#### Required action:
These entries are to be set down again exactly.
*** Dataset entries ***
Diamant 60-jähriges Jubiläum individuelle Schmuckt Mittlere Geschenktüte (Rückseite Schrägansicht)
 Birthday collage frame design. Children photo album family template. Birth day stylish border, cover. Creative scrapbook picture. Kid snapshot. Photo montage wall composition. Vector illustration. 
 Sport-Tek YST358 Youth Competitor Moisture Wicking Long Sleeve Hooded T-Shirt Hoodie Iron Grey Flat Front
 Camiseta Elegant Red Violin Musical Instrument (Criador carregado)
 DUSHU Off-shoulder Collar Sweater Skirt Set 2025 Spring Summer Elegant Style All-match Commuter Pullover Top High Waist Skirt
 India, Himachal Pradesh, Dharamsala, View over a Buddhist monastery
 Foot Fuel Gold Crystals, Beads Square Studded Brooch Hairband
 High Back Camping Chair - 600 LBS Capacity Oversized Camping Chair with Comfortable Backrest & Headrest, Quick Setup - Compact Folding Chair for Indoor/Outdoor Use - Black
*** End of Dataset entries ***
#### Completed exercise:
Diamant 60-jähriges Jubiläum individuelle Schmuckt Mittlere Geschenktüte (Rückseite Schrägansicht)
 Birthday collage frame design. Children photo album family template. Birth day stylish border, cover. Creative scrapbook picture. Kid snapshot. Photo montage wall composition. Vector illustration. 
 Sport-Tek YST358 Youth Competitor Moisture Wicking Long Sleeve Hooded T-Shirt Hoodie Iron Grey Flat Front
 Camiseta Elegant Red Violin Musical Instrument (Criador carregado)
 DUSHU Off-shoulder Collar Sweater Skirt Set 2025 Spring Summer Elegant Style All-match Commuter Pullover Top High Waist Skirt
 India, Himachal Pradesh, Dharamsala, View over a Buddhist monastery
 Foot Fuel Gold Crystals, Beads Square Studded Brooch Hairband
 High Back Camping Chair - 600 LBS Capacity Oversized Camping Chair with Comfortable Backrest & Headrest, Quick Setup - Compact Folding Chair for Indoor/Outdoor Use - Black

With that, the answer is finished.